● **ACTIVITY**: An exact transcription of the lines from the one holding "Mikyra 18-Inch Boy" to the end of the entries below, and nothing more, is the required answer. Please omit the pictures.

===

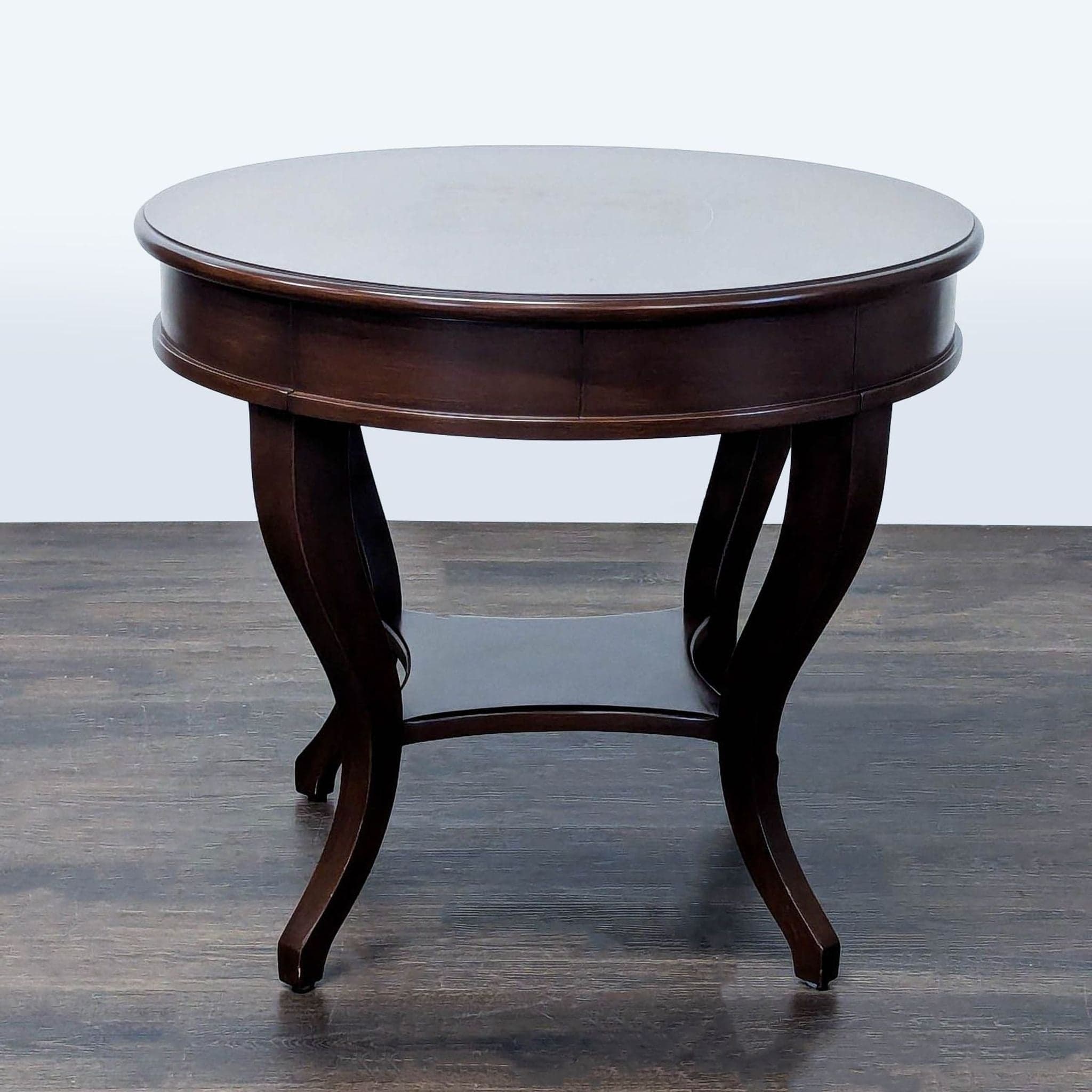 One Drawer Drum Table with Shelf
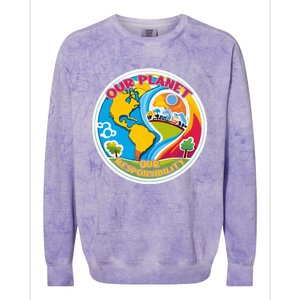 Our Planet Our Responsibility Climate Change Graphic Colorblast Crewneck Sweatshirt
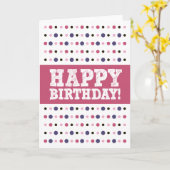 Happy Birthday Stippen Wenskaart Kaart (Gele Bloem)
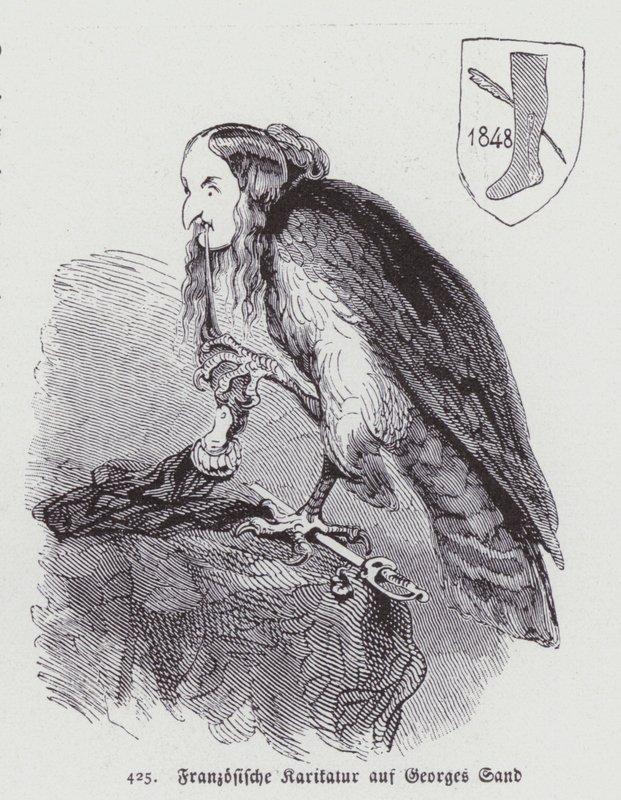 Tysk karikatyr av den franska kvinnliga författaren George Sand från 1800-talet (litho) av German School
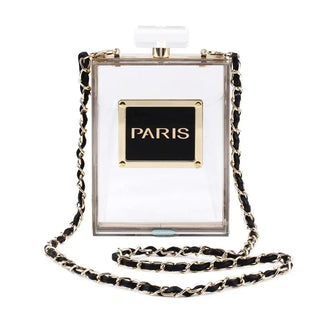 Transparent Bag Women Acrylic Casual Black Bottle Handbags for Female Wallet Paris Party Toiletry Wedding Clutch Evening Flaps ALODIA STORE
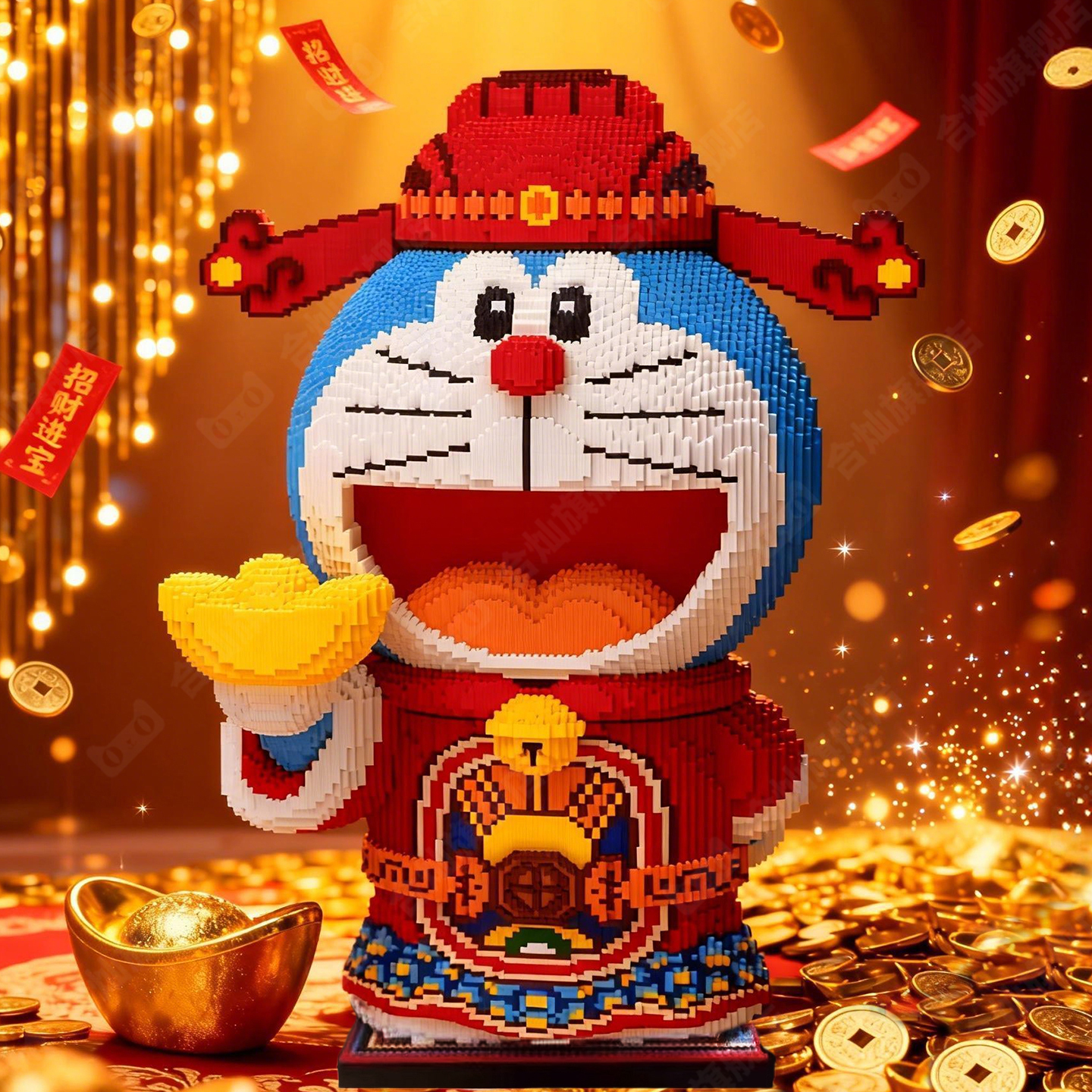 【超大机器猫】新年招财积木礼物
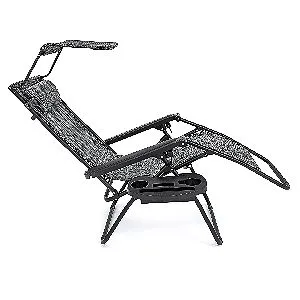 Best Choice Products Reclining Canopy Chair Gray in Recline Position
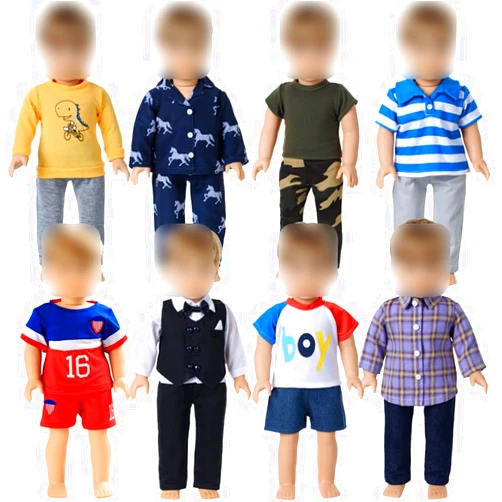Mikyra 18-Inch Boy Doll-Clothes 17 Pcs 8 Sets Boy-Doll Clothing Outfit Fits 18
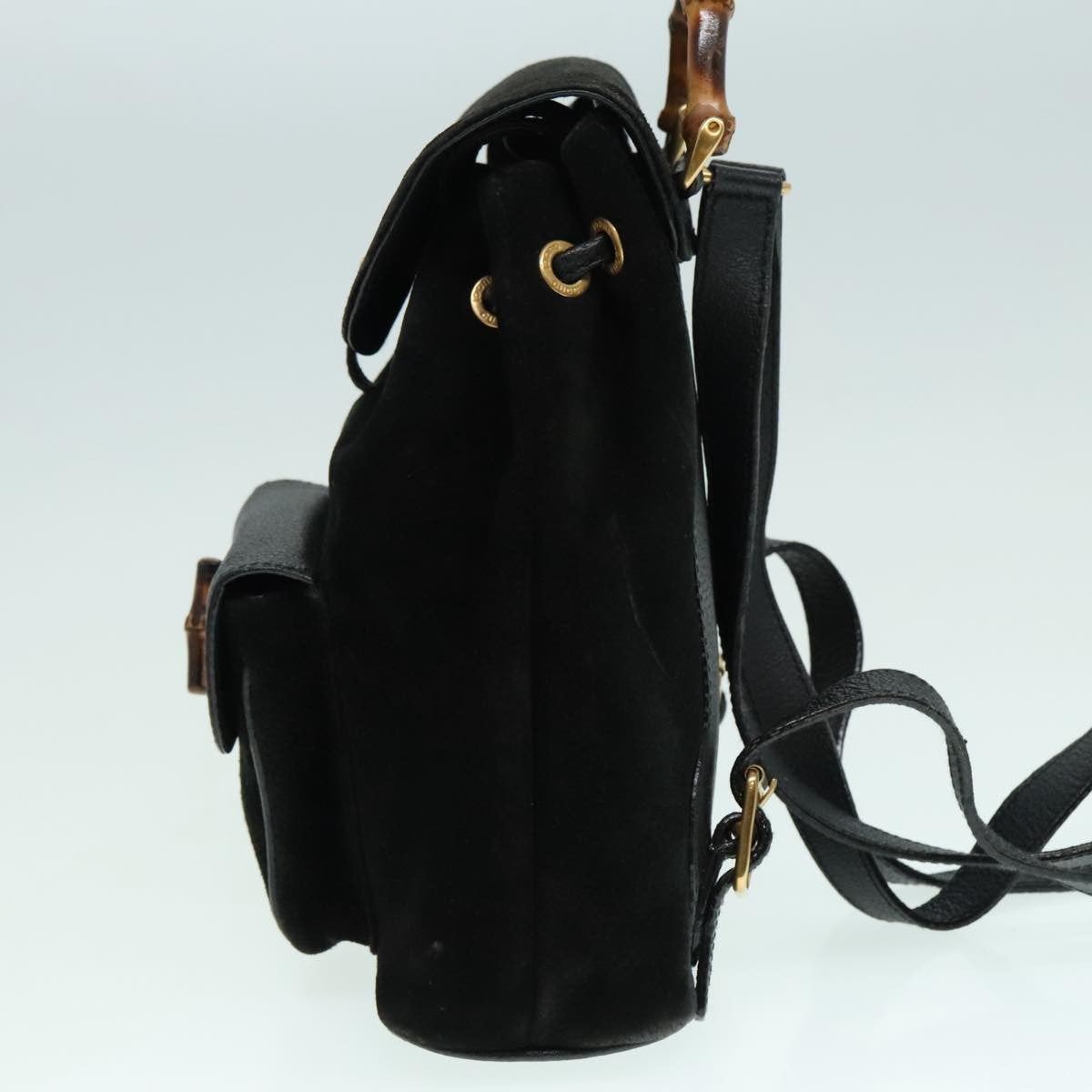 Gucci Gucci bamboo backpack daim, Black, Suede, Backpack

===

● **RESULT**:
Mikyra 18-Inch Boy Doll-Clothes 17 Pcs 8 Sets Boy-Doll Clothing Outfit Fits 18
 Gucci Gucci bamboo backpack daim, Black, Suede, Backpack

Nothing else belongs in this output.